▸ What to produce:
Drop the images. Copy every line below character for character.

▸ Data:
· · · · ·

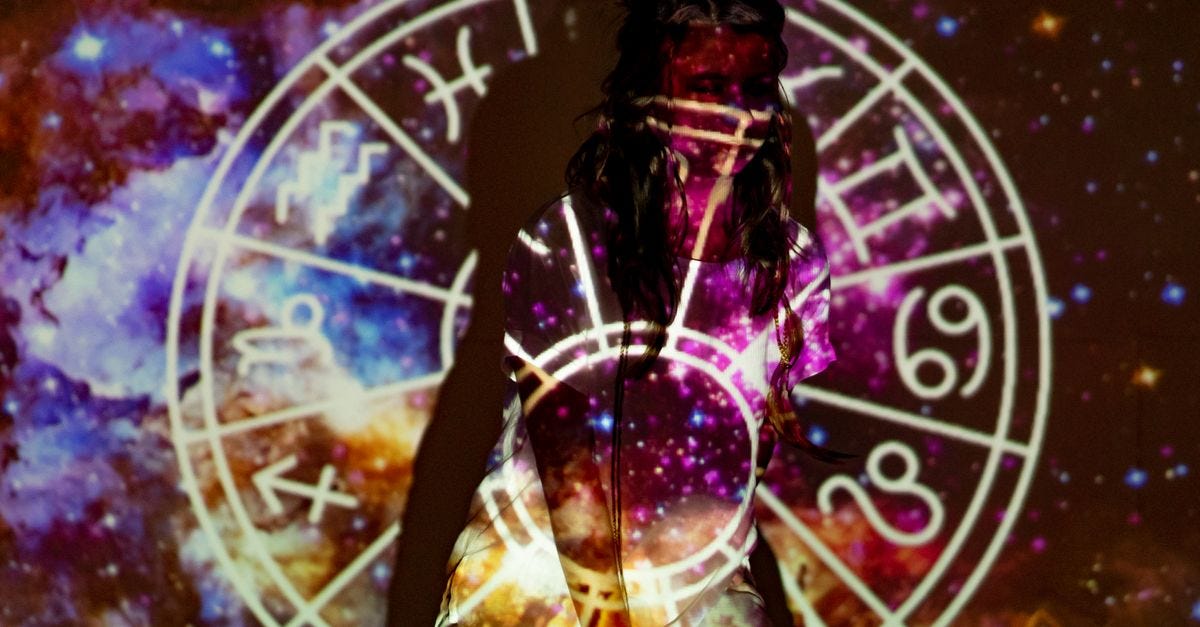 A mystical image of a woman enveloped in celestial projections and astrological symbols.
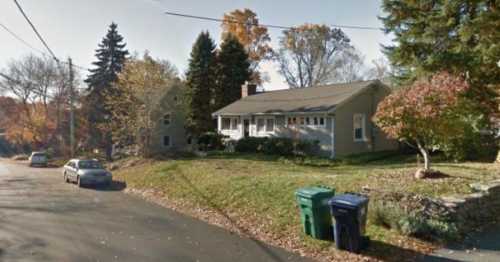 A suburban house with a front yard, surrounded by trees and parked cars on a quiet street in autumn.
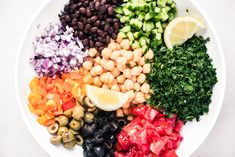 a white bowl filled with different types of vegetables and olives on top of each other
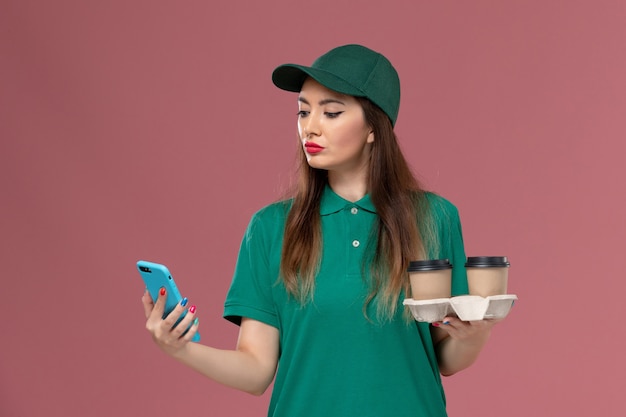 Vooraanzicht vrouwelijke koerier in groen uniform en cape met bezorging koffiekopjes en telefoon op roze muur service job uniforme levering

· · · · ·

▸ Exercise response:
 A mystical image of a woman enveloped in celestial projections and astrological symbols.
 A suburban house with a front yard, surrounded by trees and parked cars on a quiet street in autumn.
 a white bowl filled with different types of vegetables and olives on top of each other
 Vooraanzicht vrouwelijke koerier in groen uniform en cape met bezorging koffiekopjes en telefoon op roze muur service job uniforme levering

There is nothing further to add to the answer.